Around 300 to take on banks in home repossession claim

More applicants join claim, make further case for direct access to Constitutional Court.


A joinder application seeking permission for 70 new applicants to join a class action suit against the nation’s largest banks and home loan providers has been filed with the Constitutional Court.

The application brings the number of people seeking to participate in the civil claim against the likes of Nedbank, Absa, FirstRand, Standard Bank, Changing Tides 12 – a trustee of the SA Home Loans Guarantee Trust – and Investec, to around 300.

Moneyweb previously reported that the home loan providers face a R60 billion claim related to their alleged conduct in attaching and selling the homes of defaulting debtors at prices below market value.

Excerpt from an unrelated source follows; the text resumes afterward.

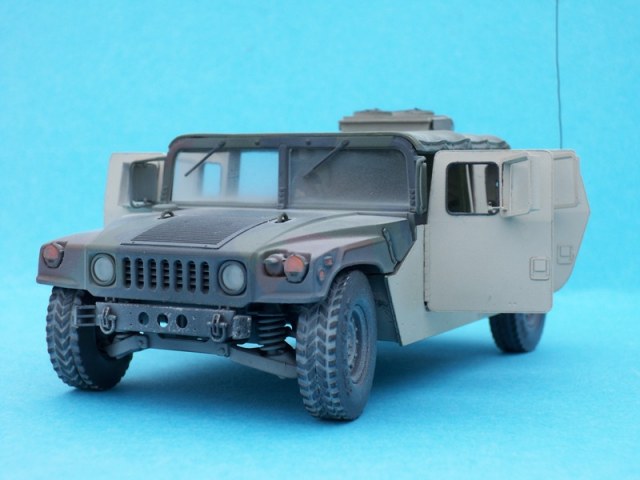 M998A1 HMMWV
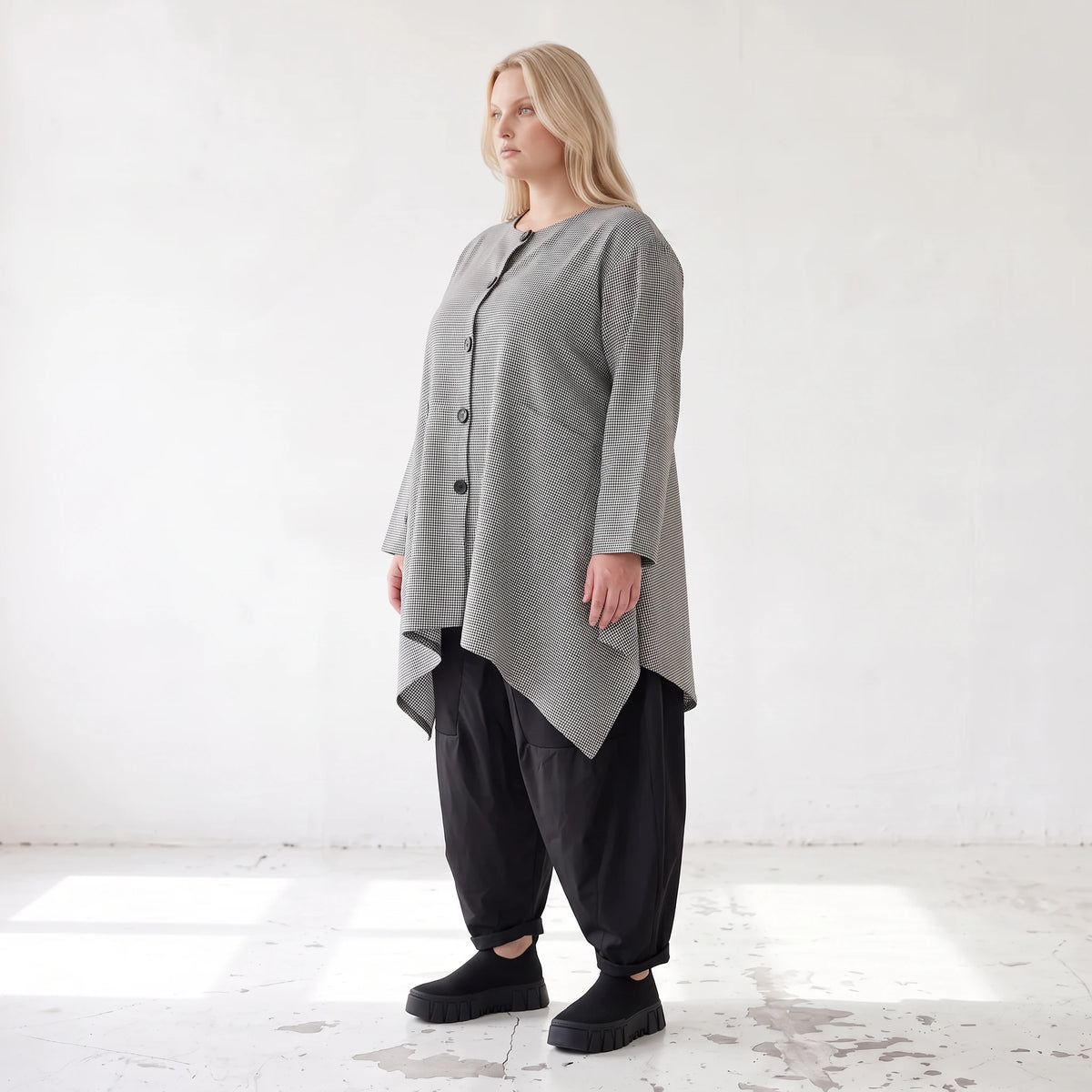 Bengalinebluse in Schwarz/Weiß A-Linie mit Rundhalsausschnitt Taschen und Zipfelsaum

This, after an application was filed by Advocate Douglas Shaw in August, to establish whether South Africa’s current law of sale in execution – whereby properties are sold at a public auction held by a Sheriff of the Court so as to recover home loan repayments that are in arrears – is constitutional.

The initial application claimed the current process is unconstitutional in that it allows properties to be sold for less than their market value “which is against the rights to property and housing”, as defined by the Constitution.

Read: Sale in execution a last resort, says Standard Bank

The latest application restates the applicants’ wishes to be granted direct access to the Constitutional Court. It’s argued that the case, which affects “the country as a whole”, is being brought by people who are “exceptionally poor” and so should be heard by the highest court in the land straight off the bat rather than first having to go through the Magistrates Court, High Court and Supreme Court of Appeal.

In referring to matters that have transpired since the initial application, the joinder outlines further reasons for direct access to the Constitutional Court. Such reasons include willingness of the civil society organisations named in the initial application to contribute their own views, which suggest that “the matter is of importance to the body politic and to civil society”.

The joinder also refers to a resolution to support the Constitutional Court action on behalf of applicants seeking damages for the auctioning of their houses below market value, contained in an interim report of Parliament’s Standing Committee of Finance and the Portfolio Committee on Trade and Industry on the Transformation of the Financial Sector.

“For parliament to come out in favour of a case is singular and quite astounding. That the Legislature itself has, remarkably, voiced its view, is an indication that this matter should be heard by this court [the Constitutional Court], the highest court of the land.”

The Constitutional Court is still to decide whether it will hear the matter directly. It is expected that further joinders will be filed as more applicants seek to join the case.